Camille Saint-Saëns. Born in Paris in 1835. Died in 1921. 86 is not a bad age for a composer. I've always had a soft spot for his music, particularly his chamber music, and his violin concertos. A recent CD features the Swedish violinist Cecilia Zilliacus with, varying, Christian Ihle Hadland (piano) and Stephen Fitzpatrick (harp). I have rarely encountered the playing of Zilliacus in the past, but I really admired her in these Saint-Saëns works. Her husky tone suits the music admirably, and she plays with a wide variety of bowings and dynamics. The first sonata is well known (it was a favourite of Jascha Heifetz). The second sonata is rarely played, but it makes for relaxed and enjoyable listening, so typical of the music of Saint-Saëns who was completely devoid of any Mahler-like Angst and anguish. The Fantaisie Op 124, and the Berceuse Op 38, both with harp accompaniment, make me wonder why there is so very little music for violin and harp. The gentle sound of the harp complements a violin so much better than the more masculine and domineering sound of a piano.

I greatly enjoyed this Saint-Saëns CD. It makes for highly comfortable listening; a bit like a French Haydn, with no stress. Given his long life, Saint-Saëns wrote a very great deal of music. A greater part of it is now rarely played. Our loss. I enjoyed the sound and playing of Cecilia Zilliacus; I know nothing about her, except I have an old CD of her playing Bartok and Dohnanyi.

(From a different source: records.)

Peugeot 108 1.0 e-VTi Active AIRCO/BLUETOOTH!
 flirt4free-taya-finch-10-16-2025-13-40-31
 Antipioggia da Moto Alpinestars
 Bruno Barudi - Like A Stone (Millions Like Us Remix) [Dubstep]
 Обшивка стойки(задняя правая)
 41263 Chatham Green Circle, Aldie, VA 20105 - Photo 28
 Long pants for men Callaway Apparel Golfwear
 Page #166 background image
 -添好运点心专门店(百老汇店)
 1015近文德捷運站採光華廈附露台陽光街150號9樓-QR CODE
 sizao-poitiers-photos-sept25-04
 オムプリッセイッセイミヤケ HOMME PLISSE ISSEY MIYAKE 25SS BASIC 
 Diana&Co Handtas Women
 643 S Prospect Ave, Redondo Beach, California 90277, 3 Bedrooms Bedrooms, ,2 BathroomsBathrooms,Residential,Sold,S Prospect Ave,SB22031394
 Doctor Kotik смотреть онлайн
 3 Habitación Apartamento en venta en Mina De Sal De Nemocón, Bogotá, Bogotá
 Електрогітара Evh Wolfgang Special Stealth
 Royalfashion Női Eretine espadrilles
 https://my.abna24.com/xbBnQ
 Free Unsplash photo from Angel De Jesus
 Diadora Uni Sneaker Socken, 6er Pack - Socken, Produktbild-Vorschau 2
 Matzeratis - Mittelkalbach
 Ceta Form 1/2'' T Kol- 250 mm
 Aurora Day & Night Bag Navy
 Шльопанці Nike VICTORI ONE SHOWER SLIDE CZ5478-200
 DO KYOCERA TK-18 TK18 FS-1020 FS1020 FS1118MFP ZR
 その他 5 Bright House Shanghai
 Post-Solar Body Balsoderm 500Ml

To my surprise, I already have a recording of the "unknown" Fantaisie for violin and harp -- played by Arnold Eidus and E.Vito in 1960. The BIS recording is excellent (BIS is a good company) and well-balanced. I suspect BIS has engineers who know about classical recording, unlike many companies who just seem to use pick-up free-lance recording specialists who may record a pop group on Monday, a jazz band on Tuesday, and a string quartet on Wednesday.


Thursday, 13 April 2023

Bach Cantatas, and Beethoven Quartets

Recently I embarked on a mini-marathon of listening to nine or ten Bach cantatas, conducted by a mixture of Philippe Herreweghe and Maasaki Suzuki. Herreweghe uses mainly Flemish / Dutch forces; Suzuki uses mainly Japanese instrumentalists and choir, but usually European vocal soloists. One forgets that Bach often had to compose on autopilot, especially when his job description in Leipzig obliged him for a time to compose, rehearse and perform a new cantata every week. Even Bach couldn't do that for years on end without occasionally resorting to what might be called "composing by numbers". My attention flagged in some of the cantatas, and a few movements made me frustrated that the "skip to next track" button on my remote control does not work.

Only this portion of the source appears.